So we can slice and dice the information that we have. So what sectors are attracting investment: transport’s a big spender, defence is a big spender, when we did this the previous year we had housing combined with other social sector – it’s such a scale now we have split it up and said, look housing is a big enough chunk by itself. Canterbury recovery is still there, and there’s still a number of years of work down in Canterbury to actually get that completed. You can see the proportions here anyway.

And how are they performing? So if we look at agencies’ self-reporting – 2015 we had 409 projects and programmes on our radar, now we’ve got – sorry, end of 2016 we had 504, got about 690 now. And this proportion is about the same but there’s this optimism bias that – most of it’s green, and there’s some amber, and a tiny few that are red – this is self-reporting. When we actually monitor the top 55 biggest, scariest, ugliest projects, we get a different proportion – we use a slightly different scale where we look at the reds and amber reds, and greens and amber greens, just for some variation – but you see much more of a bell-curve in everything being towards the green end of stuff. And you’ll also see that the number of those significant projects, which are the biggest, scariest, ugliest ones, is increasing as well. And we’re groaning under the capacity constraints that we have to actually monitor those as well as we would like to, and we’ve just got agreement that we can actually start doing different tiers of monitoring on the projects.

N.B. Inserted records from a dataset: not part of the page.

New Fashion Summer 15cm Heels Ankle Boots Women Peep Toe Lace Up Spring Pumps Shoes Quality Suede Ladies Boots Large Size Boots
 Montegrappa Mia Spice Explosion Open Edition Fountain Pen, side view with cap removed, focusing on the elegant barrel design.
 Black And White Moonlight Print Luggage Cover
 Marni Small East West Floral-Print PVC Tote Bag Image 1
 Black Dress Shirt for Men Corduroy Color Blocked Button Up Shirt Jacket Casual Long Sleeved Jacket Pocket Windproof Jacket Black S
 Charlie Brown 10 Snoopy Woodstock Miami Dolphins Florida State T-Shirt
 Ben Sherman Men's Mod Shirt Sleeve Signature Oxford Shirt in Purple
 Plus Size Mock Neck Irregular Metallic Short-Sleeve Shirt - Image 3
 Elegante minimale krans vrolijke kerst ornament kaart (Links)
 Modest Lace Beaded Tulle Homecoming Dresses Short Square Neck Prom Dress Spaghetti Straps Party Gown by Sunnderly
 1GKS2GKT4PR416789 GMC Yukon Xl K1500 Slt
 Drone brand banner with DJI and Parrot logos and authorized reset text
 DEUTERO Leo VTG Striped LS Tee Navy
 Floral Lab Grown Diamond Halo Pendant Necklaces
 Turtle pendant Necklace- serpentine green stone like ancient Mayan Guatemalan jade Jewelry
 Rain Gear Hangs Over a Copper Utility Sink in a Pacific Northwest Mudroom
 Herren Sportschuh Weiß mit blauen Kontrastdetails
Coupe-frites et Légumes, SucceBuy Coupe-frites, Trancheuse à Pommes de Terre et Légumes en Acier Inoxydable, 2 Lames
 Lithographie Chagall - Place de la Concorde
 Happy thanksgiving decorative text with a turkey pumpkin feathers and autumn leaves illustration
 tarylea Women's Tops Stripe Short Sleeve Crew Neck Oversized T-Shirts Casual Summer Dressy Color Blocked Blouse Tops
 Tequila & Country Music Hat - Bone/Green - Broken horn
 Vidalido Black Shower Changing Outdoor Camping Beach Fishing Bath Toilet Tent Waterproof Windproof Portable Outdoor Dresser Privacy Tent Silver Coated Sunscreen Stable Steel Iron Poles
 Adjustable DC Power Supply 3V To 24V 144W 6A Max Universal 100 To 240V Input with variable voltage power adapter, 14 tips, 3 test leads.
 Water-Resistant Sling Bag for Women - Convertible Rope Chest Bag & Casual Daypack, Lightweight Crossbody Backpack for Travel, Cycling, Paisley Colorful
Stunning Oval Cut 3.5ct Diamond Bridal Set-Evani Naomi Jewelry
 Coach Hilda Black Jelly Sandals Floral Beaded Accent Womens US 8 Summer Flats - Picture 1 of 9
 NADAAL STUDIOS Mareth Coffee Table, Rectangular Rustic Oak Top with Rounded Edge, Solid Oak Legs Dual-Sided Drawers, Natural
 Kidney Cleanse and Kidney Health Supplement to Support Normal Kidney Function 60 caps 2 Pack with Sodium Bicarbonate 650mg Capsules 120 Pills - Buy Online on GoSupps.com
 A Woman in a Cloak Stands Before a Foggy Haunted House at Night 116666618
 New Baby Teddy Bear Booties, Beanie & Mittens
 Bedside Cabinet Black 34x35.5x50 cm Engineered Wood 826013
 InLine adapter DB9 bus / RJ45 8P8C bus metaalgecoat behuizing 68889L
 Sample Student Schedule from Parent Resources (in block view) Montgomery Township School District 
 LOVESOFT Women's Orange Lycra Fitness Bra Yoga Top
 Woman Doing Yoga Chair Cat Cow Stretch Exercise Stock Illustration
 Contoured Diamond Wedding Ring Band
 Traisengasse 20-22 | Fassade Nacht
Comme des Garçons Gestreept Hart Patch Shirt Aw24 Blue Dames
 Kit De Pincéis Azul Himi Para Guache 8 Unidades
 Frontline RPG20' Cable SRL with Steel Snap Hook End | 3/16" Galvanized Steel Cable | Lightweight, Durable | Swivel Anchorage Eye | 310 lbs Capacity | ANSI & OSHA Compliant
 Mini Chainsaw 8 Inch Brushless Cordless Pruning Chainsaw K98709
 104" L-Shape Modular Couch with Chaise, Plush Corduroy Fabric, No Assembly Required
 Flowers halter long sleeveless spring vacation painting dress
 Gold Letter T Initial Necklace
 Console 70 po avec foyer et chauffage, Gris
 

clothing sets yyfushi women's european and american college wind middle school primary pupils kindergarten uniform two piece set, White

But we release Major Projects Performance Reporting three times a year, and if you keep your eyes out for it, the media usually picks it up on it really quickly, and we get flamed by politicians. One of the new things we’ve implemented since 2015 is something called the Investor Confidence Rating. This is where we look at those 25 investment intensive agencies, the most, with the most assets on their balance sheets, the most critical assets, and come up with a rating for them - like a credit rating - which affects things such as their autonomy, how much they can spend, the limits they can spend to, and the attention that’s given to them. So, there are some requirements for central government agencies, if they have projects of a certain size there’s certain assurance regimes. If agencies are actually performing really well, get a high investor confidence rating, then some of those requirements drop off. Because there’s an expectation that those agencies are performing. This has actually been a really, really useful tool in terms of raising performance, the incentives effects, and for moving away from anecdotal conversations to ones which are much more evidence-based. So we’ve done – looked at 20 investment-intensive agencies, out of the 25, and you can see that four of them are rated A, it says provisional across the bottom but hopefully Cabinet signed these off yesterday, so these are quite new information; B-rated agencies, C-rated agencies, and – if they’re really bad – D- and E-rated agencies. We haven’t got any Ds or Es, the expectation from Cabinet is that these investment-intensive agencies are at least a B-rated agency. So it’s a really good incentive, it’s a really good measurement tool if we’re talking about strategic financial management, the information we know about the businesses, it’s not just the financial stuff, it’s about performance.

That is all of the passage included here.